Saudi Arabia – our bestest friend who sells us oil at inflated prices in return for letting us defend them and their retrograde society – just murdered an uppity journalist. Our amoral transactionalist Trump blew some smoke out his ass about the likelihood that some rogue element was to blame – perhaps that same 400 pound guy sitting on his bed who hacked into Democratic email servers.
Although Iran is a bad actor deserving of punishment, they are in no way alone in the Middle East as a top exporter of terrorism.

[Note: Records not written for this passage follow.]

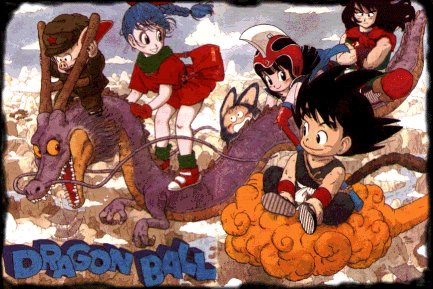 dragon ball dragon ball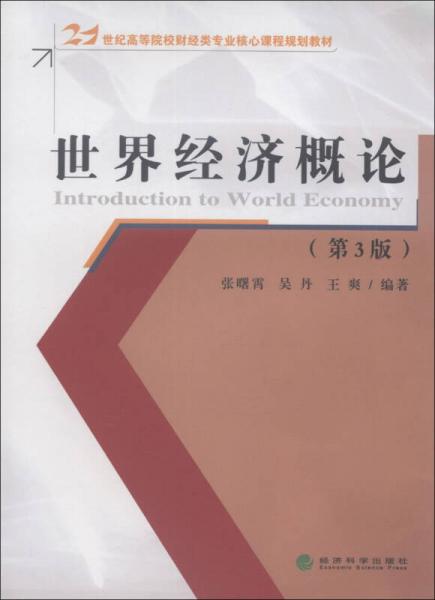 21世紀高等院校財經(jīng)類專業(yè)核心課程規(guī)劃教材：世界經(jīng)濟概論（第3版）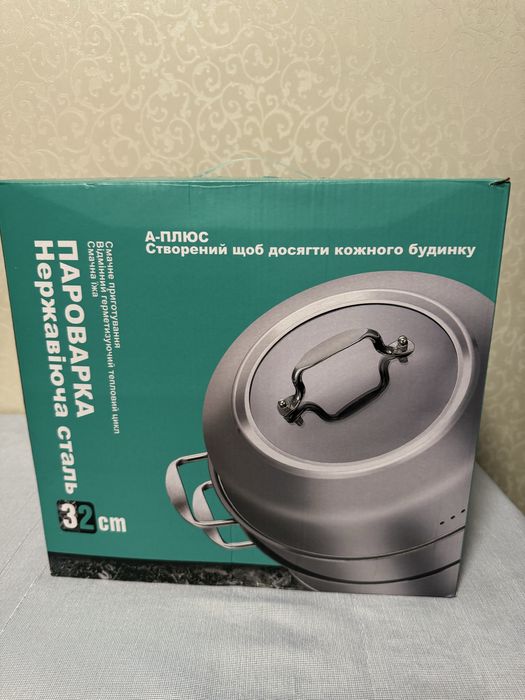 Пароварка нова нердавіюча сталь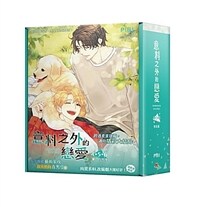 意料之外的戀愛 4+5+6 特裝版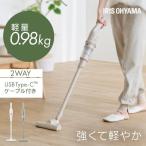 掃除機 コードレス 軽量 2way ハンディ サイクロン 強力吸引 持続 新生活 アイリスオーヤマ 充電式サイクロンスティッククリーナー SCD-220 *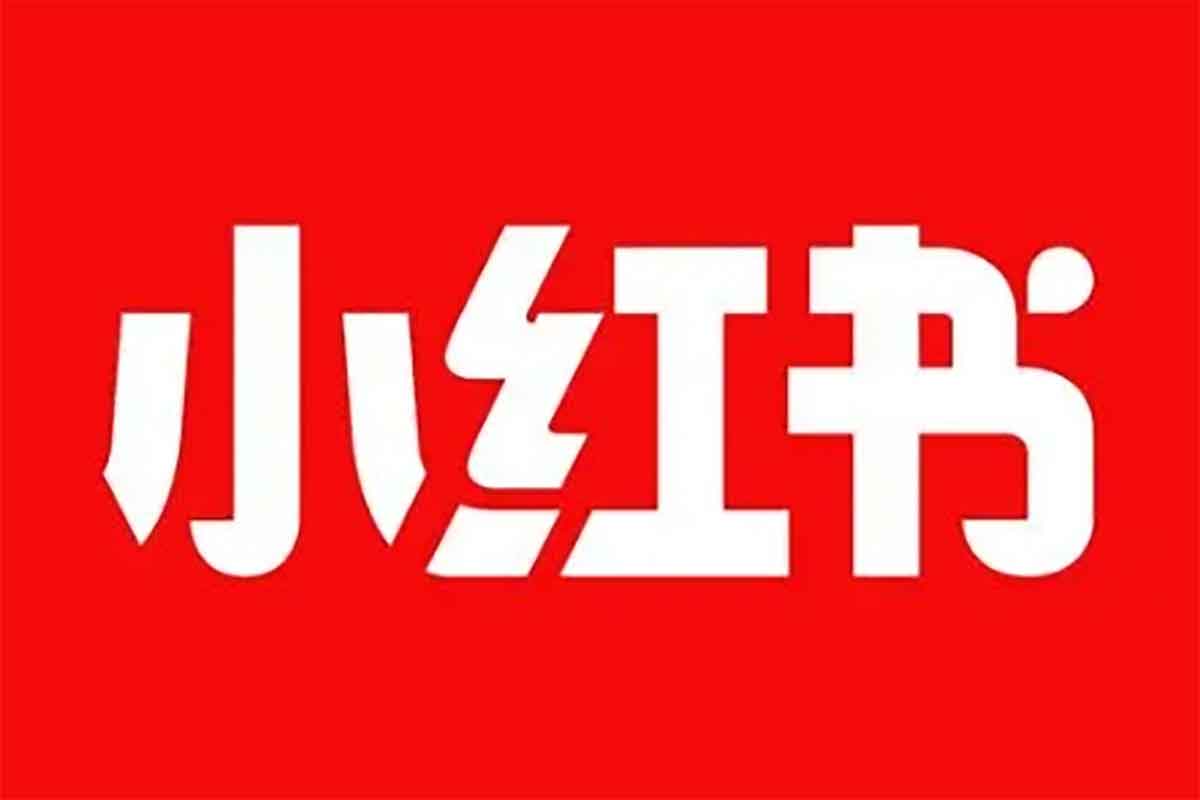 小红书生成器 ChatGPT：xiaohongshu live-IT黑科技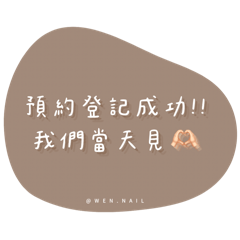 美業人必備<3 訊息快速回覆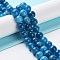 Dyed Natural Malaysia Jade Beads Strands, Round, Steel Blue, 8mm, Hole: 1.2mm, about 23pcs/strand, 7.28 inch(18.5cm)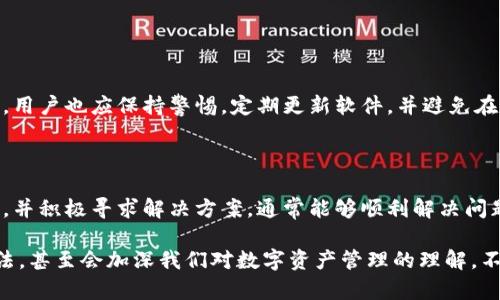 如何解决TP钱包节点错误？

在数字货币的世界中，钱包的稳定性和可靠性对用户至关重要。TP钱包作为一个流行的多链钱包，往往会遇到各种技术问题，其中节点错误就是一个常见的问题。许多用户在使用TP钱包时，可能会遭遇钱包无法连接节点，或者节点响应缓慢等情况，这让很多初次接触数字货币的用户感到无从下手。下面，我将为大家详细介绍如何解决TP钱包的节点错误，并分享一些实用的技巧和建议。

什么是TP钱包节点错误？

TP钱包节点错误是指在使用TP钱包时，钱包无法成功连接到区块链节点，导致用户无法完成交易、查询资产等操作。这可能是由于网络不稳定、节点服务器故障或钱包本身的配置问题等原因造成的。对于许多用户而言，这种问题的出现会导致不必要的烦恼和焦虑，特别是当你急需进行交易时，节点错误无疑是一种“隐形的障碍”。

节点错误的常见原因

了解问题的根本原因，才能更有效地解决它。TP钱包的节点错误一般有以下几种常见原因：

ul
    listrong网络连接问题：/strong如果你的手机或电脑的网络连接不稳定，TP钱包将无法稳定地连接到区块链节点。/li
    listrong节点服务故障：/strongTP钱包依赖于其背后的节点服务器，若这些服务器出现故障或维护，会导致节点连接失败。/li
    listrong钱包版本过旧：/strong如果你使用的是TP钱包的旧版本，可能会因为不兼容最新的节点而出现问题。/li
    listrong防火墙或安全软件干扰：/strong某些防火墙或安全软件可能会阻止TP钱包与节点之间的连接。/li
/ul

解决TP钱包节点错误的步骤

一旦你确认了可能的原因，就可以开始着手解决节点错误问题。以下是一些常见的解决步骤：

h41. 检查网络连接/h4
首先，确保你的网络连接是稳定的。如果你在使用Wi-Fi，尝试重启路由器，或切换到移动数据网络看看是否能解决问题。如果网络信号较弱，也可以尝试更换一个位置或使用信号更强的网络。

h42. 更新TP钱包/h4
确保你的TP钱包是最新版。去应用商店检查是否有可用的更新，如果有，请及时更新。软件更新通常包含对节点连接问题的修复和。

h43. 更换节点/h4
TP钱包允许用户手动切换节点。在设置菜单中查找节点选项，并尝试选择另一个节点来进行连接。不同的节点可能会有不同的响应速度和稳定性。

h44. 关闭防火墙和安全软件/h4
如果你使用了防火墙或安全软件，尝试暂时关闭它们，观察TP钱包是否能够正常连接。如果解决了问题，可以考虑为TP钱包添加信任规则，以便下次能够顺畅使用。

h45. 重启钱包应用/h4
有时候简单的重启应用可以解决很多临时性的问题。关闭TP钱包，然后重新打开，看看问题是否得以解决。

预防节点错误的策略

更重要的是，我们应该在使用TP钱包的过程中采取一些预防措施，尽量避免出现节点错误。以下是一些有效的策略：

ul
    listrong保持软件更新：/strong定期检查TP钱包的更新，确保使用最新版本，以获得最佳性能和安全性。/li
    listrong了解节点选择：/strong在TP钱包设置中了解各个节点的优缺点，选择较为稳健且用户反馈良好的节点进行连接。/li
    listrong稳定的网络环境：/strong在重要交易时，确保使用稳定的网络连接，尽量避免在低信号区域进行交易。/li
    listrong定期备份钱包数据：/strong定期备份你的钱包数据，确保在任何情况下都不会丢失资产。/li
/ul

总结

遇到TP钱包节点错误并不是什么罕见的事，但通过以上的步骤和策略，相信大家能够有效地解决这个问题。数字货币的世界充满机遇，同时也有它不可避免的挑战。尽管有时候会遇到技术上的问题，但只要我们保持积极的心态，并不断学习和改进，就一定能够在这条路上越走越远。

可能相关的问题

h41. TP钱包的安全性如何？/h4

当然，这也是许多用户最关心的问题。在使用数字钱包时，安全性是首要考虑的因素。TP钱包具备较强的安全机制，包括冷存储和多重签名等技术，保障用户资产安全。然而，用户也应保持警惕，定期更新软件，并避免在不安全的网络环境下进行交易。

h42. 在交易过程中遇到问题怎么办？/h4

如果在进行交易的过程中遇到任何问题，请不要立即慌张。首先，检查网络连接和钱包状态。随后可尝试联系TP钱包的客服或查阅官方文档，获取相关帮助。总之，保持冷静，并积极寻求解决方案，通常能够顺利解决问题。 

总之，TP钱包的节点问题固然令人感到有些遗憾，但通过适当的方法和有效的技术支持，我们能够轻松应对这类困扰。有时，当我们面对问题时，往往会找到更好的解决办法，甚至会加深我们对数字资产管理的理解。不妨试试看吧，未来的数字货币之旅依然充满希望和可能！
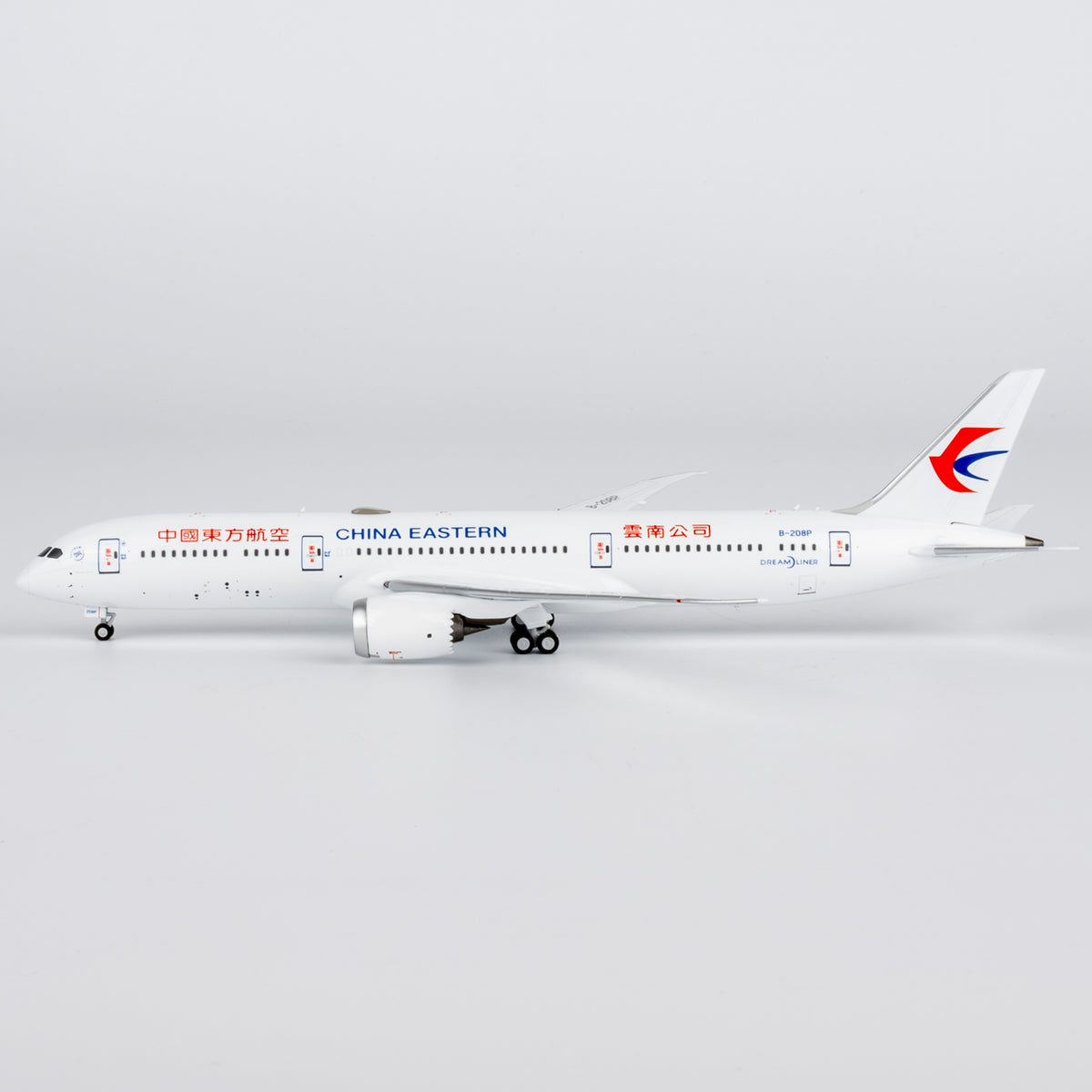 1/400 China Eastern Airlines Boeing 787-9 B-208P NG55139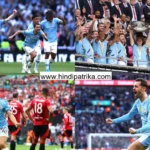 Manchester City won the Community Shield in a thrilling penalty shootout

That dubious crown really belongs to the Medieval Saudis who engineered 9/11, cane dissenters, ban movies and booze, and use US armaments to fuck up those they dislike in their region, including their Yemeni neighbors whom they seem bent on annihilating.
Still, Trump, following in the footsteps of his maligned Bush predecessors embraces the nepotists in the desert. Delicate boy Jared Kushner likes them. For all we know, Jared and MBS do the Arab sword dance with their cocks. And that’s good enough for the Orange Man.
The optics of the so-called leader of the free world apologizing on behalf of Saudi Arabia are dismal, especially when the evidence of the Saudi’s nefarious activity is overwhelming. But as is often the case with Teflon Trump, whataboutism will mostly insulate him from the world’s opprobrium.
After all, haven’t we seen enough feckless behavior exhibited when advocates of democracy meet autocrats?